Having created Adam and Eve and placed them in a wonderful garden which provided richly for all their needs, God told them not to eat of the fruit of the tree of the knowledge of good and evil. “For,” said God, “if you do so you will die.” Along comes the devil, in the form of a serpent, and he says to Eve, “Did God really say that you couldn’t eat any of the fruit of the garden?” Notice how he subtly twists God’s words. When Eve corrects him and tells him that there is only one tree from which they may not eat, for if they do so they will die, the devil replies: “You won’t die! God doesn’t want you to eat it for if you do you will become like him.” The devil’s strategy is always the same: first, he tries to get us to doubt the truth of God’s Word; then, he substitutes his lie. But the devil’s lies cannot change the Word of God. Adam and Eve did die, and they didn’t become like God.
Paul is warning the Corinthians that the devil is at work among them, not in the guise of a snake but in the guise of false teachers proclaiming to speak for Christ but actually preaching a false Christ, a counterfeit Holy Spirit, and a corrupted gospel. Later in this eleventh chapter he reminds them that Satan disguises himself as an angel of light, and Satan’s servants disguise themselves as servants of Christ. The false teachers are saying that the death of Christ on the cross is not enough for salvation; good works must be added. They are proclaiming that the Holy Spirit is present only in those who speak in tongues or display other types of miraculous signs. They are declaring that the gospel is only for those who are Jews, so for a Gentile to be saved he or she must first become a Jew.

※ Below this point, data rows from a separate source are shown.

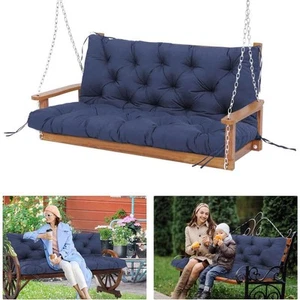47 x 40 in. 3-Seater Replacement Outdoor Swing Cushions with Back Support, Bench - Picture 1 of 7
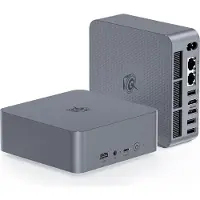 BEELINK Mini-pc, AMD Ryzen 7 5700U (tot 4,3 GHz) 8 cores/16 threads, mini-computer met 16 GB DDR4 RAM, 500 GB NVMe SSD, mini-desktopcomputer met 4K-ondersteuning bij 60 Hz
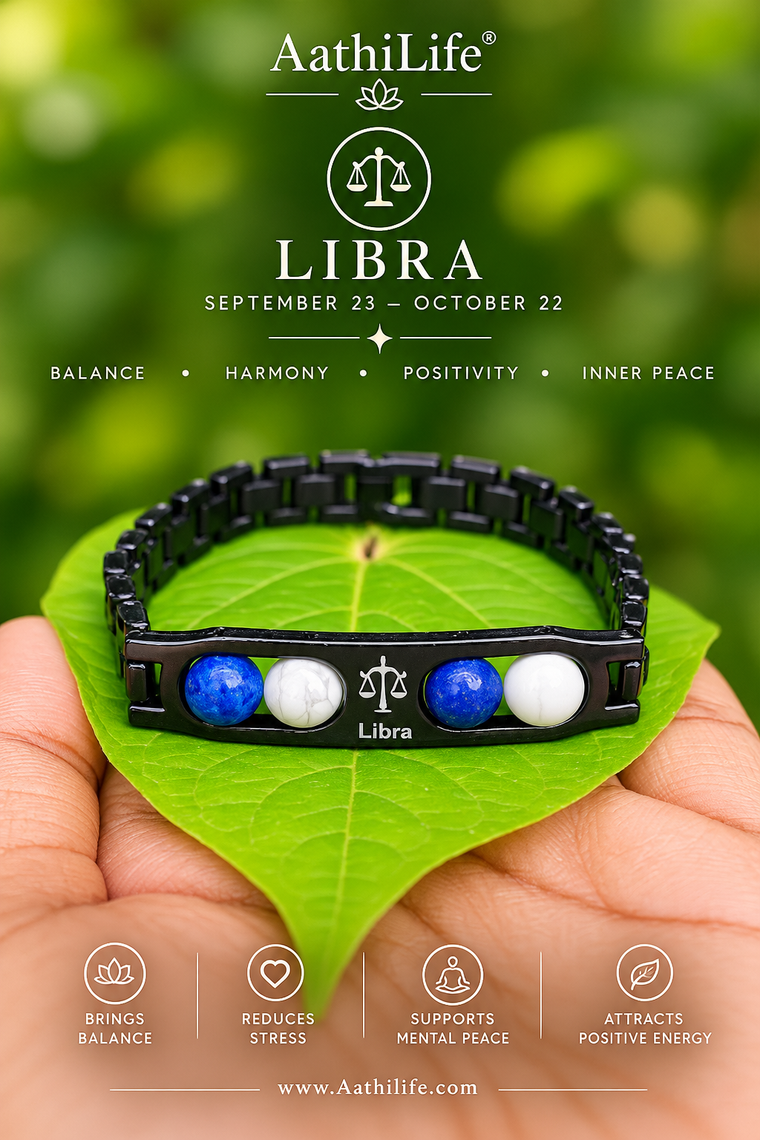 Libra Zodiac Metal Bracelet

God is jealous for us. He told Adam and Eve not to eat of the particular fruit precisely because he loved them and knew the consequences of their disobedience. He tells the bride and the groom to remain faithful to each other because he knows the consequences of unfaithfulness. He comes to us this morning through his holy Word and he reminds us that when we stray from a pure and undivided devotion to Christ, by listening to those who preach a different Christ, a different Holy Spirit, a different gospel than what we find in God’s Word, we will be deceived and in our deception we will suffer harm. God loves us too much to simply sit back and watch it happen. He is jealous for us and calls us to a wholehearted devotion to his Son and to his Word.

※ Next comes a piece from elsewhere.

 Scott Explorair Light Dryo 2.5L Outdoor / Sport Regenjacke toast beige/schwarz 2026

The only antidote to the lies of Satan is a steady, daily diet of God’s Word. Read it, meditate on it, ask the Holy Spirit to increase your understanding of it, and act on it. Couple regular time in Scripture with regular time in prayer, giving God your undivided attention, and you will know the blessing of a close, intimate relationship with the One who loves you more than you can even imagine and wants only the very best for you. Because, he is jealous for you.